[Short descriptive text snippets]
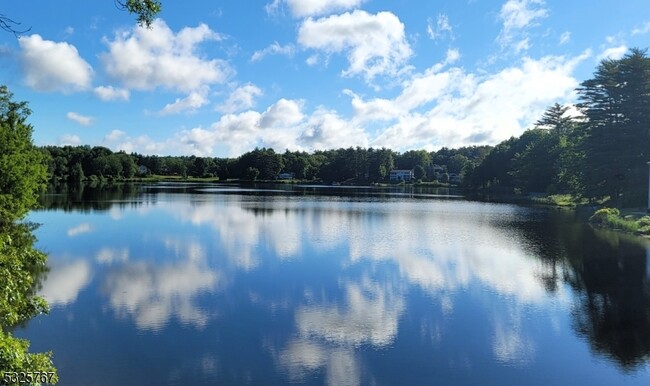 Building Photo - 420 A Lake Shore N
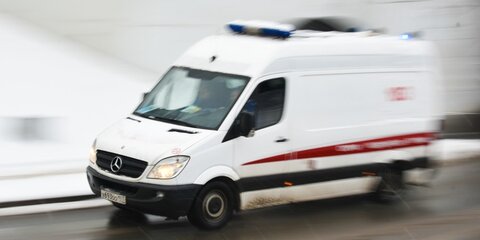 Машина скорой помощи попала в аварию на юго-западе Москвы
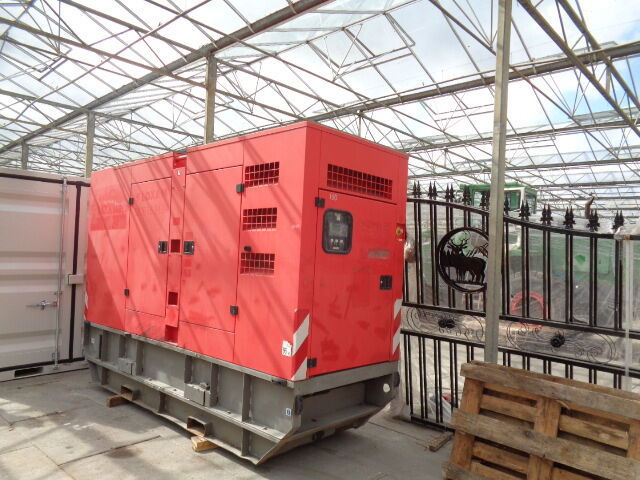 Doosan G 150 Kva - Generador industriale: foto 3 Doosan G 150 Kva - Generador industriale: foto 3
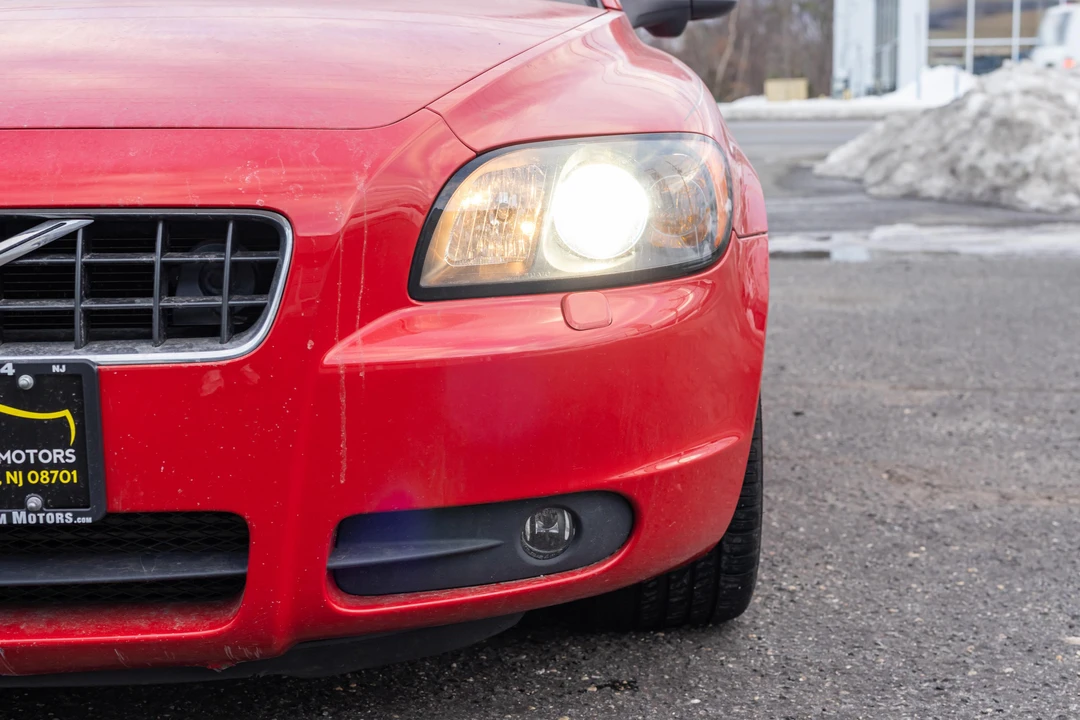 2008 Volvo C70 2nd Gen - Image 13 of 31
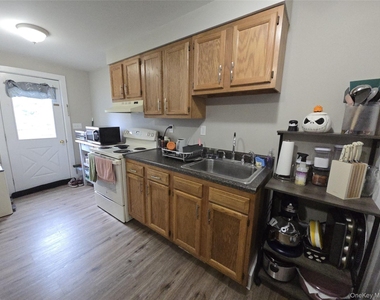 174 Clinton Street - Photo Thumbnail 1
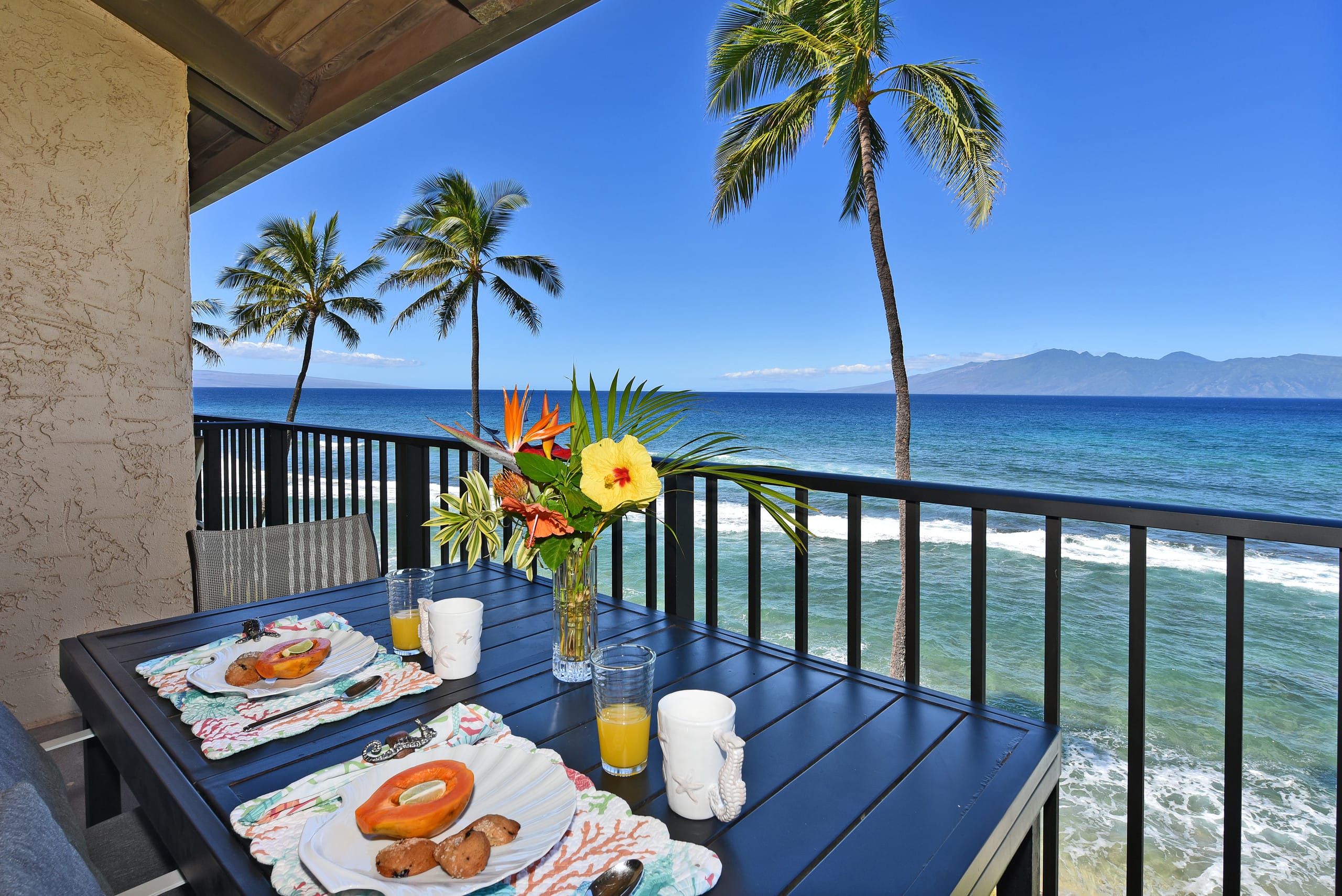 Oceanfront penthouse - stunning view! - Photo 15
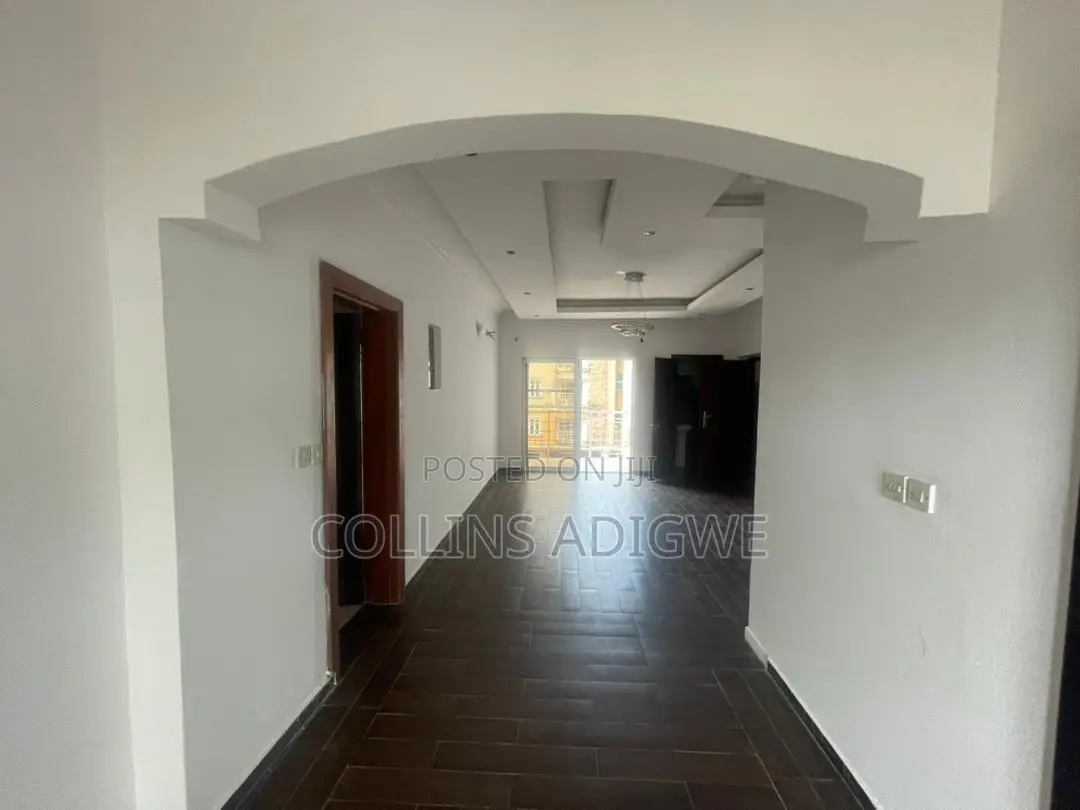 3bdrm Apartment in Oniru Vi Lagos, Victoria Island Extension for sale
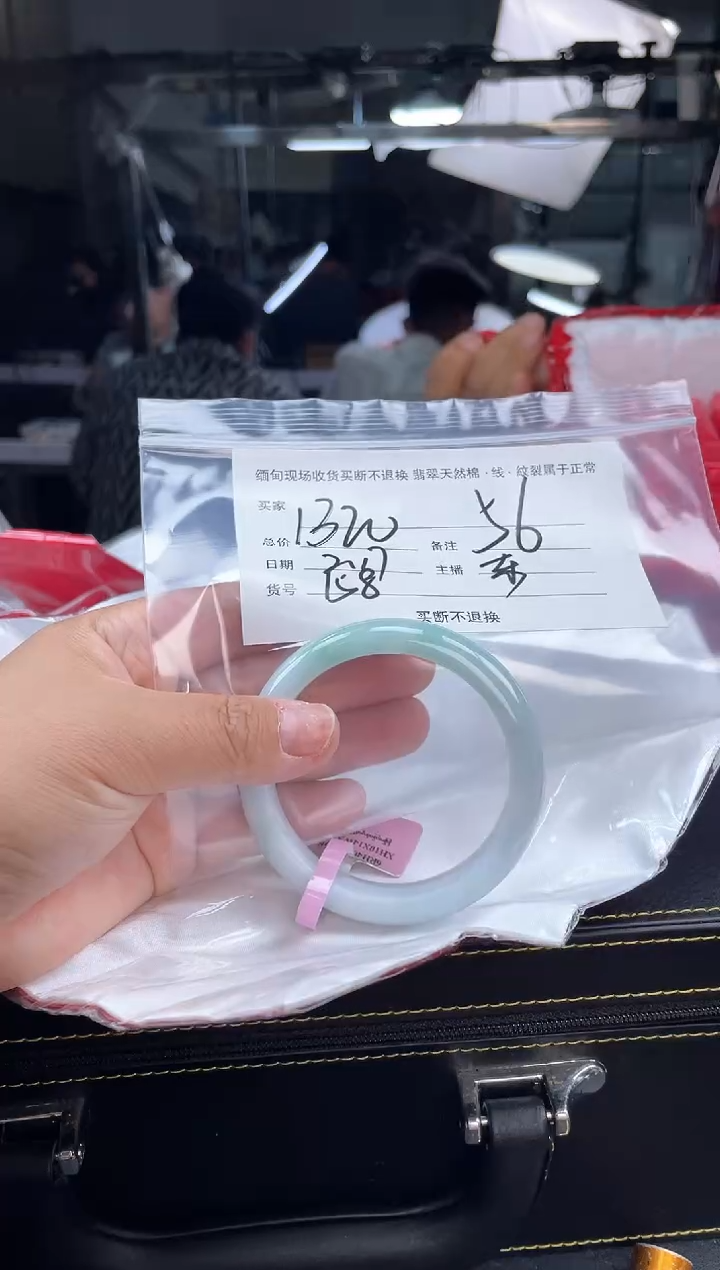 【闪购商品】定制翡翠手镯未镶嵌毛货手镯需精细抛光/56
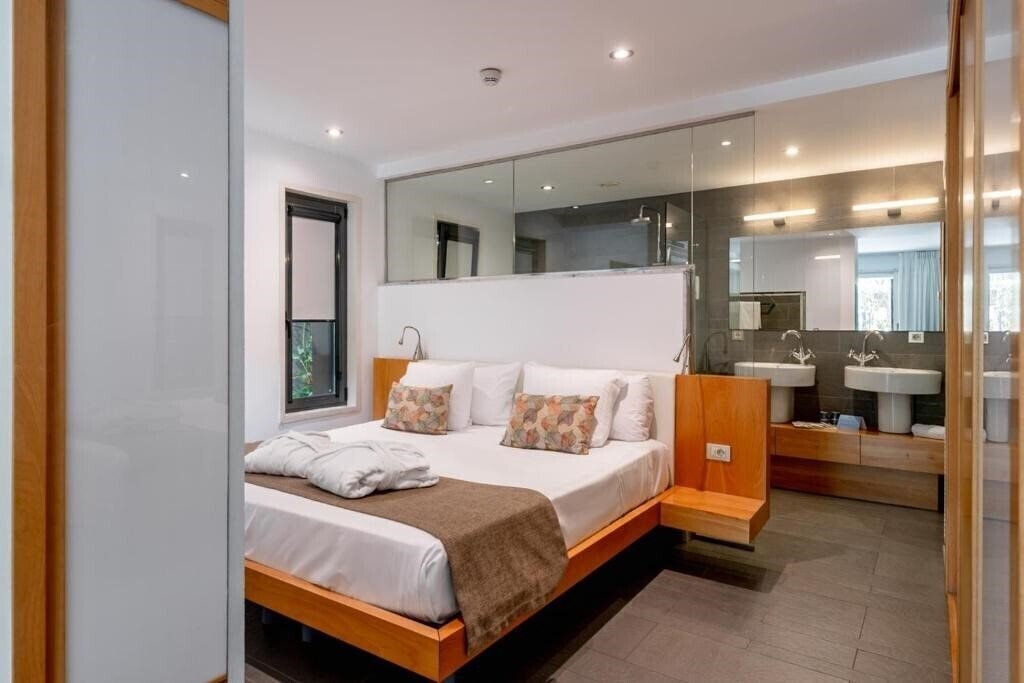 Фото NM Suites 4*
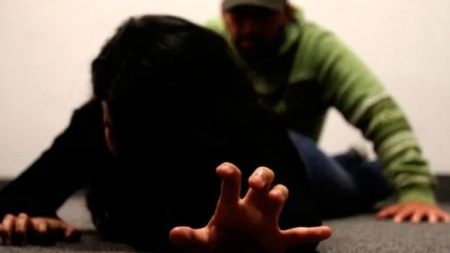Un tânăr din Iași a furat o sticlă de bere dintr-un bar, iar mai apoi a lovit cu sălbăticie angajata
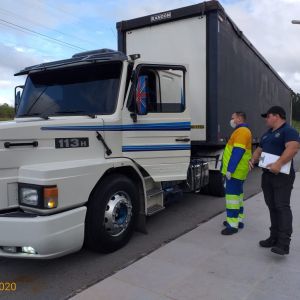 Ações para caminhoneiros marcam manhã de quarta-feira (1) na Tamoios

#### WHAT IS NEEDED
Would you return the data above exactly as written, minus the images?

#### RESPONSE AREA
 Building Photo - 420 A Lake Shore N
 Машина скорой помощи попала в аварию на юго-западе Москвы
 Doosan G 150 Kva - Generador industriale: foto 3 Doosan G 150 Kva - Generador industriale: foto 3
 2008 Volvo C70 2nd Gen - Image 13 of 31
 174 Clinton Street - Photo Thumbnail 1
 Oceanfront penthouse - stunning view! - Photo 15
 3bdrm Apartment in Oniru Vi Lagos, Victoria Island Extension for sale
 【闪购商品】定制翡翠手镯未镶嵌毛货手镯需精细抛光/56
 Фото NM Suites 4*
Un tânăr din Iași a furat o sticlă de bere dintr-un bar, iar mai apoi a lovit cu sălbăticie angajata
 Ações para caminhoneiros marcam manhã de quarta-feira (1) na Tamoios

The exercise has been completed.